Peter T. Daniels skribis:
> [Some time last year, it appears, since the referenced message
> isn't in my 2005 inbox]

December 4, 2004.

> > > > I believe the man who commisioned this font was Walter
> > > > Hamady, a private press operator in Wisconsin.
> > >
> > > So why did he never use it for anything, or allow anyone else to
> > > use it?
> >
> > I wrote to Hamady a month ago, but I have received no reply. I wrote
> > to Paul Duensing, who used to operate a private typefoundry. He is
> > good friends with Hermann Zapf and cut the matrices for Zapf's
> > last metal typeface (Zapf Civilité). His reply:
> >
> > ) The history of the Cherokee font is pretty much as follows.
> > ) Hamady submits an application for funding to commission a
> > ) special font for printing a number of legends in that language in
> > ) a bi-lingual edition. Prof. Zapf agreed to design the font (based
> > ) on Walbaum). In due course the drawings were received, I made
> > ) patterns, cut a few matrices and made casts, proofs of which I
> > ) shipped to Walter and Hermann. Then the project sort of came
> > ) apart and nothing further was done with it. In the past six or ten
> > ) years, various requests were received (mostly from graduate
> > ) students in typography whose instructors needed a diploma
> > ) project). I contacted Hermann who said in effect "I have no further
> > ) traffic with the Sequoia project." then contacted Walter who said
> > ) "did they pay for it?" So the project ground to a halt.
> > ) That's about it. Zapf won't move on it without Hamady's
> > ) permission, and Walter doesn't want to give away what he sees
> > ) as his property.
> >
> > Zapf is 86 years old. Hamady is probably about the same. Perhaps
> > their heirs will agree to do something with it. It's the best looking
> > Cherokee font I've seen.
> So the font exists in hot type, and could legally be digitized in the US
> (since, the last I heard, font designs are not copyrightable here).

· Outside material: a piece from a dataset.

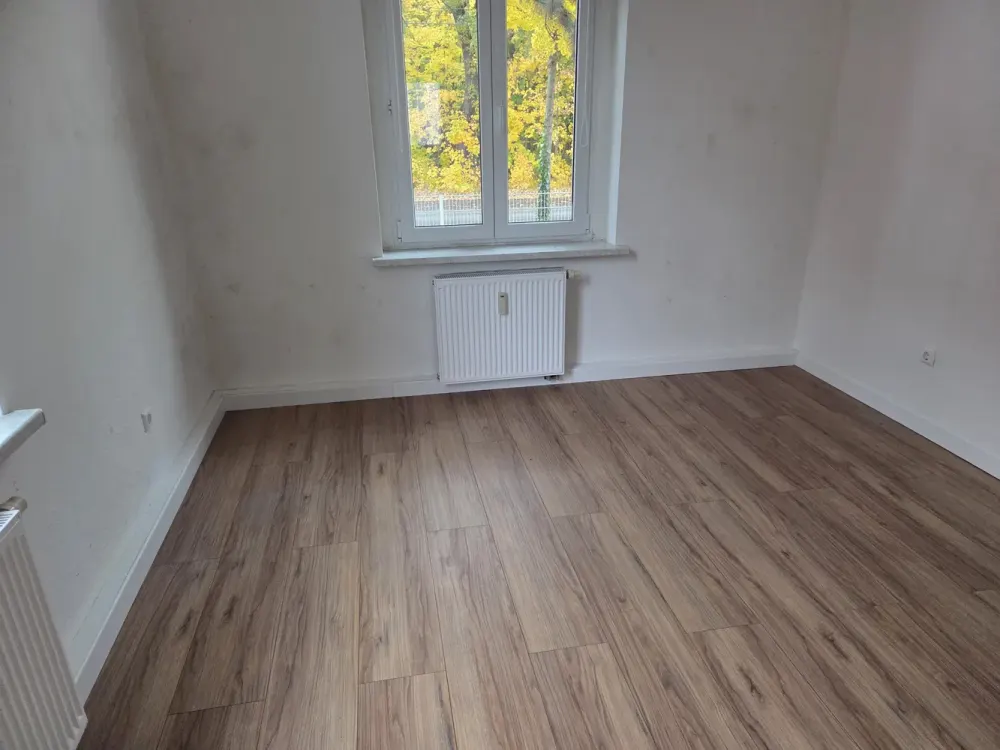 Radebeul: Bright 3-Room Apartment with Plenty of Space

Duensing made matrices for a few (maybe twenty or so) of the
characters for Hamady's and Zapf's approval. These are the only
ones made in metal. As I understand it, font designs are not copy-
rightable in the USA. But digitizing the font would require getting
a hold of the drawings. Hamady apparently considers them his
property. Zapf apparently does, too, and has written for years
about the need for copyright on typeface designs. Duensing may
still have copies of the drawings, but he's very good friends with
Zapf, so I doubt he'd be willing to release them.

--Ph. D.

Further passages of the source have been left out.